USG seizes allegedly looted Mongolian dinosaur skeleton in New York City

On June 22, agents of the US Homeland Security Department seized a 24 foot long skeleton of Tyrannosurus bataar  from an art storage facility in New York City after US District Judge Kevin Castel signed  a warrant on June 19 authorizing the seizure after finding "probable cause to believe" that the nearly complete skeleton is subject to forfeiture under US laws. On May 18, US Attorney Preet Bhararam, acting in behalf of the US Department of Justice, filed a lawsuit in US District Court in New York City asking that the skeleton auctioned off on May 20 be turned over to USG custody for return to Mongolia.  President Ts. Elbegdorj  had obtained a Temporary Restraining Order to stop the auction, which proceeded contingent on the result of any court proceedings.

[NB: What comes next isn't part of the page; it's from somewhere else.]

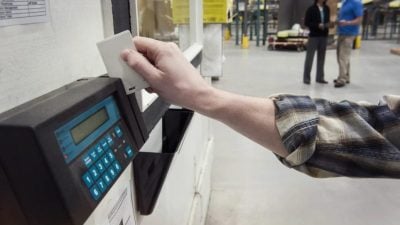 提早上班是“不当行为”被炒　女子告公司竟败诉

Elbegdorj thanked Bhararam for the USG intervention to help recover the skeleton, calling it "an important piece of the cultural heritage of the Mongolian people." Elbegdorj also said, "Cultural looting and profiteering cannot be tolerated anywhere and this cooperation between our governments is a large step forward to stopping it." 

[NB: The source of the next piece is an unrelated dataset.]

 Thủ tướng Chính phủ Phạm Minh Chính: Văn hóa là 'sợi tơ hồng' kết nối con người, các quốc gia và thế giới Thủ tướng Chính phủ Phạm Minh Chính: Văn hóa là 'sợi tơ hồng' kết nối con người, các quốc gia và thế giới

In its lawsuit, the Justice Department asserted that the skeleton was imported from Great Britain to Gainesville, FL, in March 2010 with erroneous claims that it originated in Great Britain and was worth only $15,000. It sold at auction on May 20 for over US$1 million. James T. Hayes Jr., head of the U.S. Immigration and Customs Enforcement's Homeland Security Investigations in New York, said criminal smugglers misrepresented the fossil to customs officials when they illegally imported it into the US. Jim Halperin, cofounder of Heritage Auctions, a defendant in the lawsuit, said: "We auctioned the Tyrannosaurus bataar conditionally, subject to future court rulings, so this matter is now in the hands of lawyers and politicians."  

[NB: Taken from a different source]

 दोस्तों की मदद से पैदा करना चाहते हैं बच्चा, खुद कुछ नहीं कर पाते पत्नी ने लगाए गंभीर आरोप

US Attorney Bhararam said that the skeletal remains are "of tremendous cultural and historic significance to the people of Mongolia, and provide a connection to the country's prehistoric past. When the skeleton was allegedly looted, a piece of the country's natural history was stolen with it, and we look forward to returning it to its rightful place." The lawsuit said the bones were believed to have been discovered in the Gobi Desert between 1995 and 2005. A June 5 examination by five experts specializing in bataars produced unanimous agreement that the skeleton was a Tyrannosaurus bataar and almost certainly originated in the Nemegt Basin in Mongolia. US authorities said Tyrannosaurus bataars were first discovered in 1946 during a joint Soviet-Mongolian expedition in Omnogovi Province. Since 1924, Mongolia has enacted laws declaring fossils to be the property of the government of Mongolia and criminalizing their export.